Trybunał Sprawiedliwości w São Paulo (TJ-SP) potępił aplikację do przesyłania wiadomości WhatsApp, aby zabezpieczyć prawnika João Vitora Rossiego w wysokości 5000 R $ za szkody moralne. Ofiara miała swoje zdjęcie wykorzystywane przez przestępców starających się o aplikowanie ciosy za pośrednictwem aplikacji.

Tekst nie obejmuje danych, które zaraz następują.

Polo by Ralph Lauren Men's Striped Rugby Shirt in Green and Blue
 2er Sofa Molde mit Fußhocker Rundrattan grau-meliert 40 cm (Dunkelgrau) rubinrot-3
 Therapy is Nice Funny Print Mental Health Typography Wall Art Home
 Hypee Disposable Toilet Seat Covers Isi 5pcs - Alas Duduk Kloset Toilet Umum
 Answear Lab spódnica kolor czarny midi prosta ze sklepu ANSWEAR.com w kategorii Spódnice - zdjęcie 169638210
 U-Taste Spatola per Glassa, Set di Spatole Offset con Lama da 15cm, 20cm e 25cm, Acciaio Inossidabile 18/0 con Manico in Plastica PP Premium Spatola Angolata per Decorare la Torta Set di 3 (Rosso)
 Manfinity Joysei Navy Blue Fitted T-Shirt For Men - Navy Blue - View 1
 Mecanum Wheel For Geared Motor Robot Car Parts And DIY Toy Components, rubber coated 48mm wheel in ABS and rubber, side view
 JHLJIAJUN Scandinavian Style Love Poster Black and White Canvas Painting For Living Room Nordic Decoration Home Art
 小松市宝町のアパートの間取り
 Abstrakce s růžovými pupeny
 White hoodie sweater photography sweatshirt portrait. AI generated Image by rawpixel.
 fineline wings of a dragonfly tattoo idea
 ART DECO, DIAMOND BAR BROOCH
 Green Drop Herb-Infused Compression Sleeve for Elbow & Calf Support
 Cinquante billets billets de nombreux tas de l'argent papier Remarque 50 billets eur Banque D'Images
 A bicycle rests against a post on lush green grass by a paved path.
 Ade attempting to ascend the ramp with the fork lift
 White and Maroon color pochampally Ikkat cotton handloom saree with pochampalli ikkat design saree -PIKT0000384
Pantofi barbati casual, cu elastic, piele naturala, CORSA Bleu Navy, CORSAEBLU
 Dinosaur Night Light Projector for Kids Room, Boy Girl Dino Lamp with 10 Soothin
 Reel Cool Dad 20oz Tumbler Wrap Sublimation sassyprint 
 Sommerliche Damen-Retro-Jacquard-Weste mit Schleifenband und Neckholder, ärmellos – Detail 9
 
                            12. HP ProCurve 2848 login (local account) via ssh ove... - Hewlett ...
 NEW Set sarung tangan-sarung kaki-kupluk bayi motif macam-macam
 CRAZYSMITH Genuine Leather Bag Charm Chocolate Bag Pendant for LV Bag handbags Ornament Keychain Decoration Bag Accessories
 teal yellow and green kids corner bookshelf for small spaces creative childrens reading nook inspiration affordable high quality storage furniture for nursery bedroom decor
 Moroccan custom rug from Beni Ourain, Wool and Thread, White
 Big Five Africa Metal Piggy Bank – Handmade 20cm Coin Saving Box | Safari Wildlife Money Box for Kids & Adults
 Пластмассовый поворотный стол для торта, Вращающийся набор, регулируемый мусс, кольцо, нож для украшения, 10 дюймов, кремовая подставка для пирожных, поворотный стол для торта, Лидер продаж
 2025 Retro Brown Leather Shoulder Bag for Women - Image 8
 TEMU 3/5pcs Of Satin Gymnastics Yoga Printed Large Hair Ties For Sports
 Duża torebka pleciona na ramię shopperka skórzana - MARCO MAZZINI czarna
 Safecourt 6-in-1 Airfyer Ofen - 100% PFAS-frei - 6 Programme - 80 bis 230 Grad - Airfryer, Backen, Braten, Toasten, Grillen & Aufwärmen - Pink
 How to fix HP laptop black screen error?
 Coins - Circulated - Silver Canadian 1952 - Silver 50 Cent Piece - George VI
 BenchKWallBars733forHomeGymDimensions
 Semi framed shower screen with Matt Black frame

WhatsApp, nawet ostrzegany i skazany w sądzie za zawieszenie profilu, zignorował tę decyzję. Sprawa miała miejsce w styczniu tego roku. Wiedzieć więcej!
Zobacz więcej
Uwaga: TA trująca roślina spowodowała, że młody mężczyzna wylądował w szpitalu
Google opracowuje narzędzie AI, które pomoże dziennikarzom w…
Więcej szczegółów sprawy
Jak tylko został powiadomiony o decyzji sądu, WhatsApp złożył apelację w drugiej instancji. Warto wspomnieć, że zgodnie z artykułem w Folha de São Paulo, ponieważ komunikator nie ma reprezentacji prawnej na ziemiach brazylijskich, sędzia z São Paulo uznał odpowiedzialność Facebooka za sprawa. Obie platformy są kontrolowane przez Meta. Nadal zgodnie z materią praktyka jest zgodna z precedensem STJ (Wyższego Trybunału Sprawiedliwości).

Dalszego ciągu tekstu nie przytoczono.